> **What is required**
All records that follow are to be output exactly.

> **Raw data**
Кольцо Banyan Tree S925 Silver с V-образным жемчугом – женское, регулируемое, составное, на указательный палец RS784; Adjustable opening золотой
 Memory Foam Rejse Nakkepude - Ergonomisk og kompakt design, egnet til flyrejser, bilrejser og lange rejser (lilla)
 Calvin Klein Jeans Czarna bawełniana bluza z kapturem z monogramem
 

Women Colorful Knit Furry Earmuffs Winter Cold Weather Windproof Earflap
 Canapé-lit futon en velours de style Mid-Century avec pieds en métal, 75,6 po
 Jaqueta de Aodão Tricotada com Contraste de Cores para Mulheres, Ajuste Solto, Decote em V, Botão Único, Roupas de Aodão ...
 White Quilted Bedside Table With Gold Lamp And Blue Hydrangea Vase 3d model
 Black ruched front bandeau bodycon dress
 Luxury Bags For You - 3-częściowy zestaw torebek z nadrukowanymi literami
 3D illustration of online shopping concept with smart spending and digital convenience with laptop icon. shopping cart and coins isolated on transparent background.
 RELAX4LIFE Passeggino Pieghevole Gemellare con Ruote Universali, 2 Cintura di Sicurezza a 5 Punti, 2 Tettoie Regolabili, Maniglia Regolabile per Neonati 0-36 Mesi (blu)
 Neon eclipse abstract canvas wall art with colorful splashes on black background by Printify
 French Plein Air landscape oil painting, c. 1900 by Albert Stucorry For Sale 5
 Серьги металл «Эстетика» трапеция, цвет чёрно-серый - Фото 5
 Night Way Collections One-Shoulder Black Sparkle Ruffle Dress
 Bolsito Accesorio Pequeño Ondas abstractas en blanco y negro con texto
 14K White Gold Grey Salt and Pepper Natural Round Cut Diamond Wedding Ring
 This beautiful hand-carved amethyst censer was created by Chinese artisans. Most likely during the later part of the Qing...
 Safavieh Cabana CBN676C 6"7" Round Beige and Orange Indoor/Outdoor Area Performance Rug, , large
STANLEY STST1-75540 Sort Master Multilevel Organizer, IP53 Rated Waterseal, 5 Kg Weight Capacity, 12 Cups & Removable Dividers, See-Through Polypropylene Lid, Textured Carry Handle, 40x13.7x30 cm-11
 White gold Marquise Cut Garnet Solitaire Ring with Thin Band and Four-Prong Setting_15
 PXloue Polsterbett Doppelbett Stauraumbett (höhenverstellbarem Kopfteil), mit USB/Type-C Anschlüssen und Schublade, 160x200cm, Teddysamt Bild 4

> **Result of the exercise**
Кольцо Banyan Tree S925 Silver с V-образным жемчугом – женское, регулируемое, составное, на указательный палец RS784; Adjustable opening золотой
 Memory Foam Rejse Nakkepude - Ergonomisk og kompakt design, egnet til flyrejser, bilrejser og lange rejser (lilla)
 Calvin Klein Jeans Czarna bawełniana bluza z kapturem z monogramem
 

Women Colorful Knit Furry Earmuffs Winter Cold Weather Windproof Earflap
 Canapé-lit futon en velours de style Mid-Century avec pieds en métal, 75,6 po
 Jaqueta de Aodão Tricotada com Contraste de Cores para Mulheres, Ajuste Solto, Decote em V, Botão Único, Roupas de Aodão ...
 White Quilted Bedside Table With Gold Lamp And Blue Hydrangea Vase 3d model
 Black ruched front bandeau bodycon dress
 Luxury Bags For You - 3-częściowy zestaw torebek z nadrukowanymi literami
 3D illustration of online shopping concept with smart spending and digital convenience with laptop icon. shopping cart and coins isolated on transparent background.
 RELAX4LIFE Passeggino Pieghevole Gemellare con Ruote Universali, 2 Cintura di Sicurezza a 5 Punti, 2 Tettoie Regolabili, Maniglia Regolabile per Neonati 0-36 Mesi (blu)
 Neon eclipse abstract canvas wall art with colorful splashes on black background by Printify
 French Plein Air landscape oil painting, c. 1900 by Albert Stucorry For Sale 5
 Серьги металл «Эстетика» трапеция, цвет чёрно-серый - Фото 5
 Night Way Collections One-Shoulder Black Sparkle Ruffle Dress
 Bolsito Accesorio Pequeño Ondas abstractas en blanco y negro con texto
 14K White Gold Grey Salt and Pepper Natural Round Cut Diamond Wedding Ring
 This beautiful hand-carved amethyst censer was created by Chinese artisans. Most likely during the later part of the Qing...
 Safavieh Cabana CBN676C 6"7" Round Beige and Orange Indoor/Outdoor Area Performance Rug, , large
STANLEY STST1-75540 Sort Master Multilevel Organizer, IP53 Rated Waterseal, 5 Kg Weight Capacity, 12 Cups & Removable Dividers, See-Through Polypropylene Lid, Textured Carry Handle, 40x13.7x30 cm-11
 White gold Marquise Cut Garnet Solitaire Ring with Thin Band and Four-Prong Setting_15
 PXloue Polsterbett Doppelbett Stauraumbett (höhenverstellbarem Kopfteil), mit USB/Type-C Anschlüssen und Schublade, 160x200cm, Teddysamt Bild 4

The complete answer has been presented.